=== Section Start ===
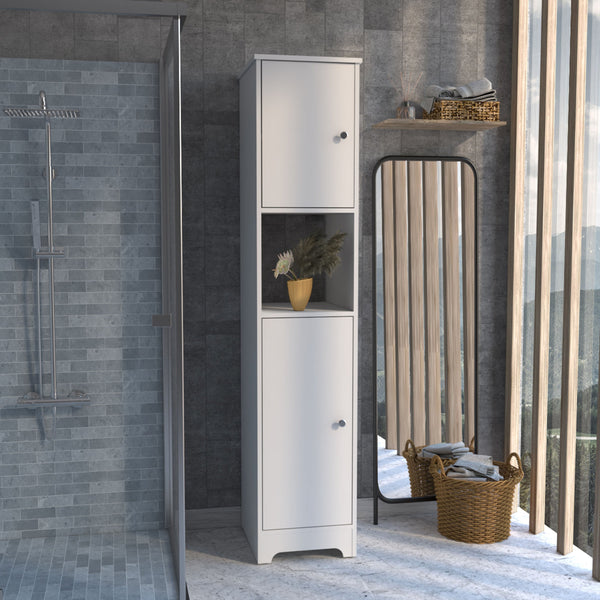 English Elm Double Double Door Cabinet 69" H White with Four Concealed Shelves and Open Display Shelf for Storage Elegance B097133219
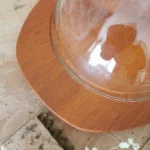 Cloche à Fromage Vintage, plateau en bois 1960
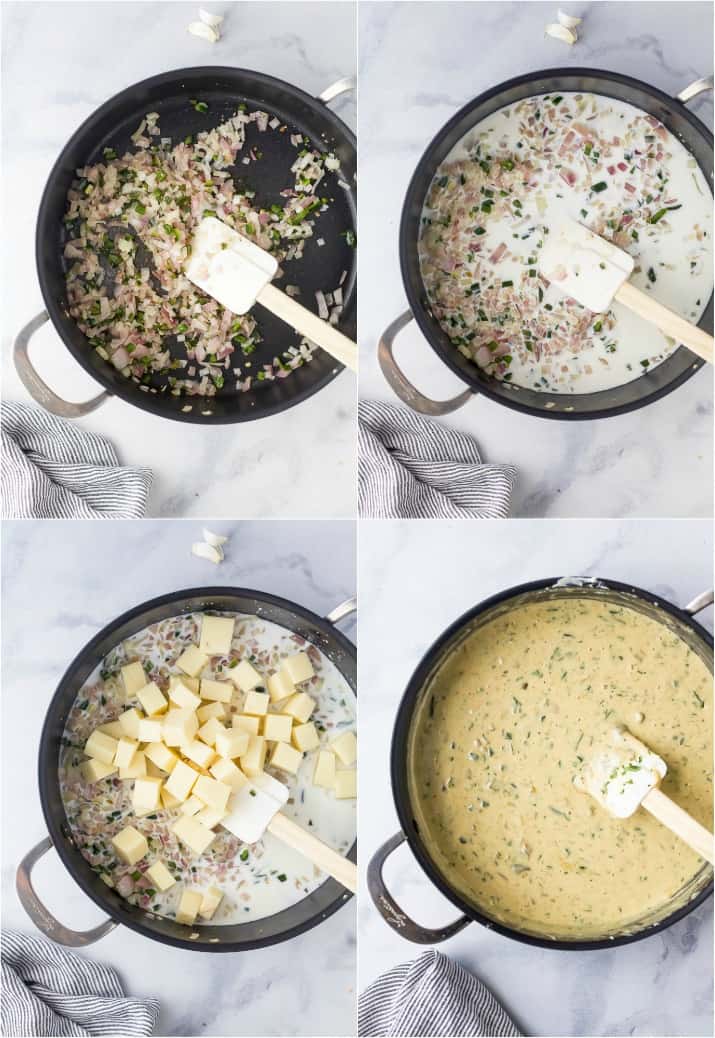 自制queso dip在锅中制作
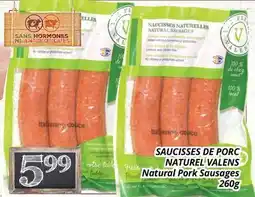 Supermarché PA SAUCISSES DE PORC NATUREL VALENS | Natural Pork Sausages offer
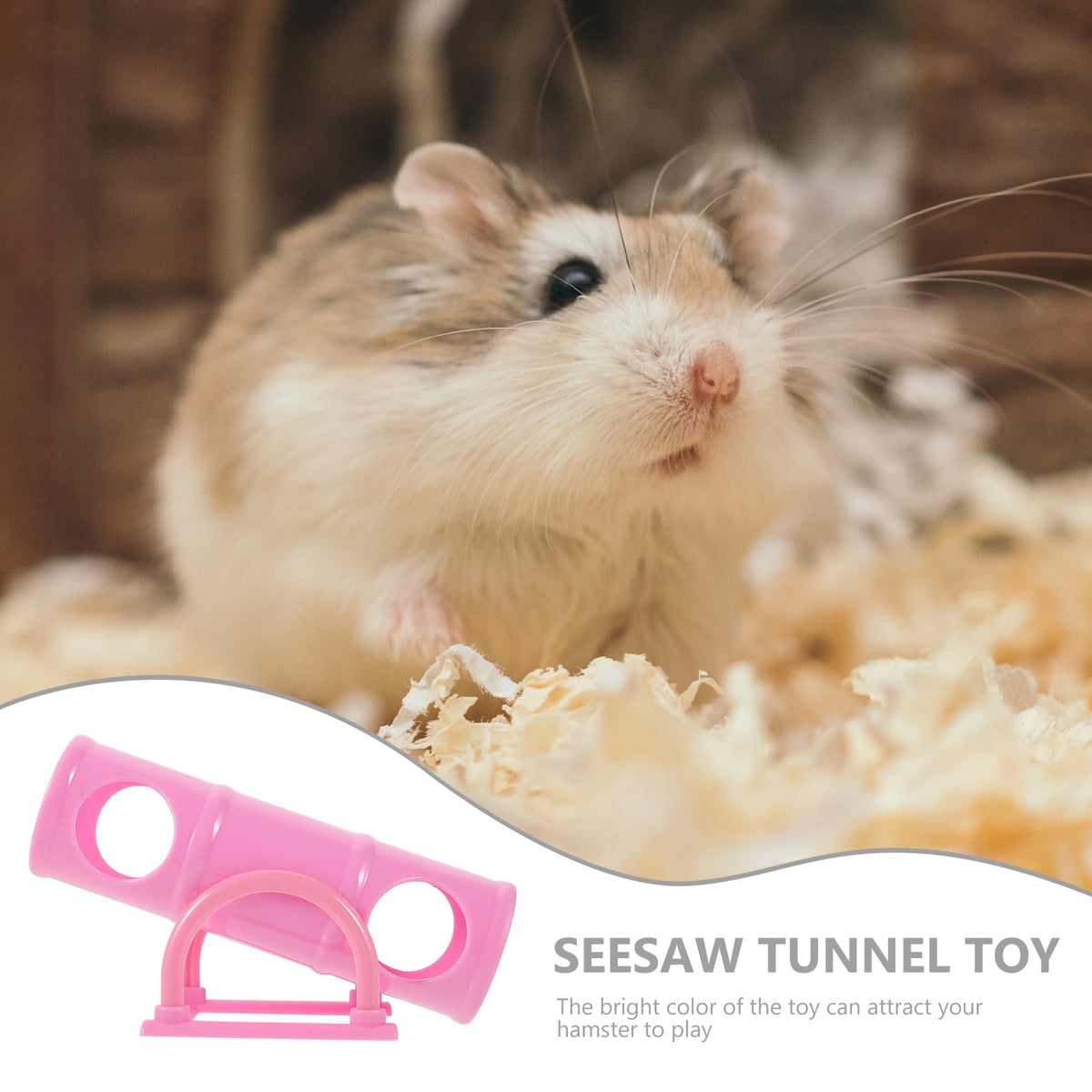 Pink Guinea Pig Toys Hamster Seesaw Pets Tunnel Small Animals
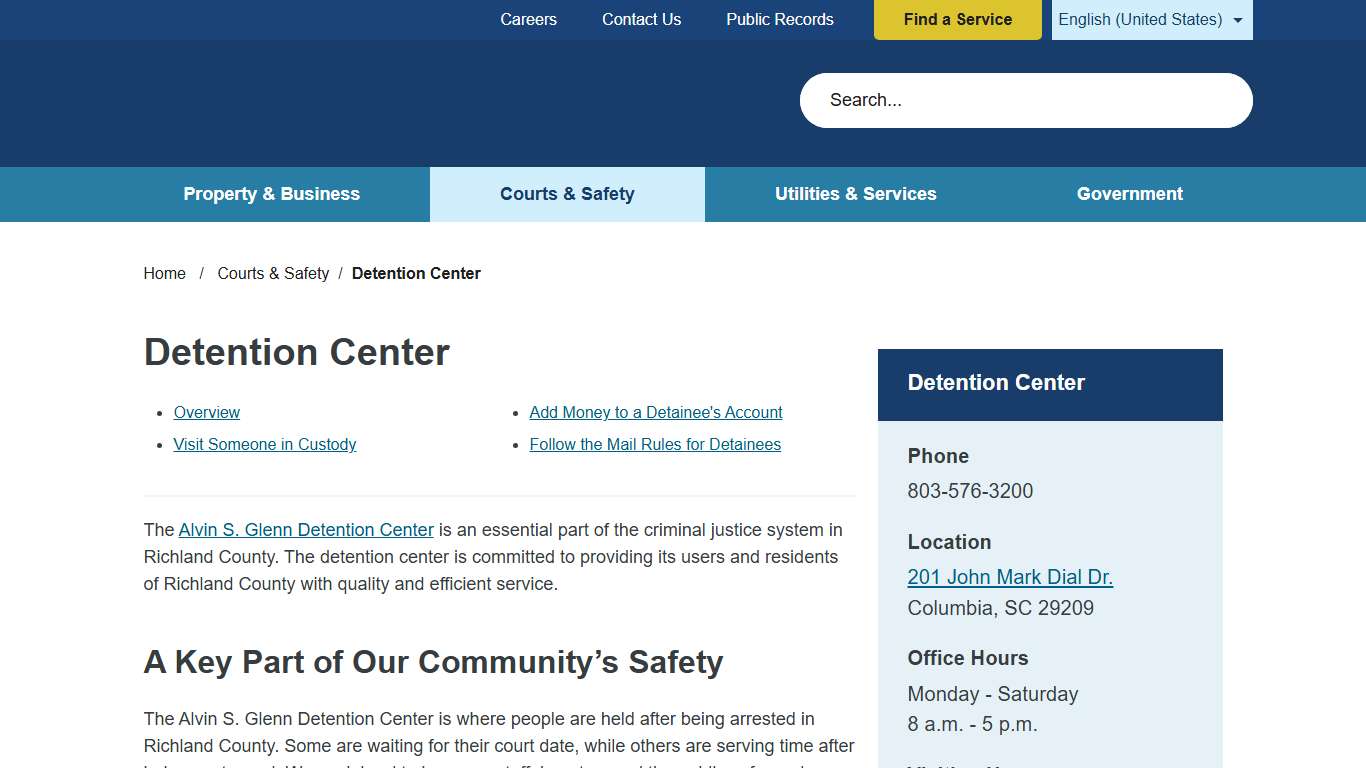 Detention Center Richland County SC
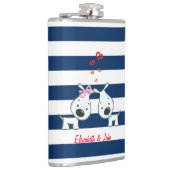 Adorable Hunde in Liebe auf gestreiftem Personalis Flachmann (Rechts)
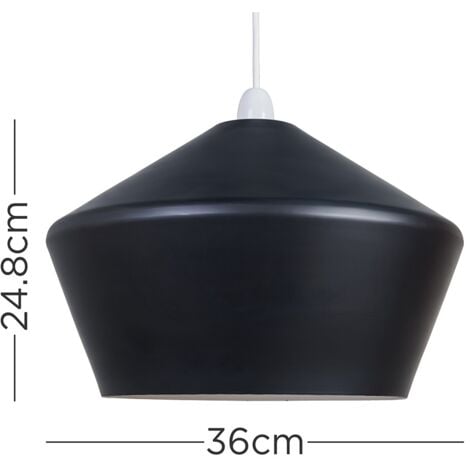 Otis Contemporary Black Flared Angular Ceiling Pendant Light Shade - Includes 10w LED GLS Bulb 3000K Warm White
=== Section End ===
Task instructions:
Could you reproduce exactly the lines running from the one with "Adorable Hunde in" through the final line of the listing above, both included, and drop the pictures?

Reply to the task:
 Adorable Hunde in Liebe auf gestreiftem Personalis Flachmann (Rechts)
 Otis Contemporary Black Flared Angular Ceiling Pendant Light Shade - Includes 10w LED GLS Bulb 3000K Warm White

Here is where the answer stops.